I prepared a PEP and was wondering what your thoughts are about it:

PEP: <pep number>
Title: ``isimmutable(Obj)`` and/or ``ImmutableNester``
Version: <version string>
Last-Modified: <date string>
Author: Frank-Rene Schaefer, (e-mail address removed)
* BDFL-Delegate: <PEP czar's real name>
* Discussions-To: (e-mail address removed)
Status: Draft
Type: <Standards Track | Informational | Process>
* Content-Type: text/x-rst
* Requires: <pep numbers>
Created: 11-nov-2013
* Python-Version: 2.7.1
Post-History: <dates of postings to python-list and python-dev>
* Replaces: <pep number>
* Superseded-By: <pep number>
* Resolution: <url>

General Idea
============

A built-in function 'isimmutable()' shall tell efficiently whether the object
of concern is mutable or not. That is it must reflect on the whole object tree
whether it contains mutable elements or not. For example, in the code fragment

::
verdict_0 = isimmutable(3.14)
verdict_1 = isimmutable((1,2,3))
verdict_2 = isimmutable(((1,2),(2,3),(3,4)))

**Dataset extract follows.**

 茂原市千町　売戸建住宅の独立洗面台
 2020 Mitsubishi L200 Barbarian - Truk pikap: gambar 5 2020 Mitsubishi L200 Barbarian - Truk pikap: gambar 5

all verdicts are 'True' because the tested objects consist of purely immutable
components. However, the ``x`` in

::
x = (1,(2,"abc", [1,2,3]))
verdict = isimmutable(x)

triggers the verdict to be 'False' because ``x[1][2]`` is a list and therefore
mutable.

It may be conceivable to have a special class-type called ``ImmutableNester``
which has no write-access member functions and does not allow its derived
classes to have write-access member functions. Instead, any derived class
aggregates members at the time of construction. At this point in time, when
members are nested in the class, it is checked if the members are of subclasses
of ``ImmutableNester``.

The advantage of the ``isimmutable()`` function is that no extra class
functionality needs to be implemented. The disadvantage is that the
immutability must be checked manually and at each time the object is used. The
``ImmutableNester`` class type checks for immutability once, at construction
time and no further manual checks are necessary.

Rationale
=========

If an object is immutable then copying of it can be safely be replaced by a
setting of a reference. The principal scenario is when an instance A gives an
instance B access to some data D under the provision that B does not change it.
Therefore, B must either clone the data or it must be safe to assume that the
data cannot change, i.e. is immutable.

If the objects are large and/or many there a significant performance impact may
raise from a deepcopy or manual cloning of objects. Therefore, the
``isimmutable()`` built-in function is key for a safe implementation of
reference-instead-of-copying.

Ensuring immutability is also key for the so called 'Flyweight Design Pattern'.

 

[Ned Batchelder]

I prepared a PEP and was wondering what your thoughts are about it:

The best place to discuss proposals for changes to the Python language and library is the Python-Ideas mailing list: https://mail.python.org/mailman/listinfo/python-ideas

There you will get in-depth discussion about the details of your proposal. Fair warning: it's very unlikely that your proposal will be adopted (most are not), but you will learn a lot about how Python works in the process.

--Ned.

 

[Steven D'Aprano]

The best place to discuss proposals for changes to the Python language
and library is the Python-Ideas mailing list:
https://mail.python.org/mailman/listinfo/python-ideas

Actually it is recommended to get at least initial feedback here first,
to weed out proposals like:

"Python ought to allow function currying, like in Haskell."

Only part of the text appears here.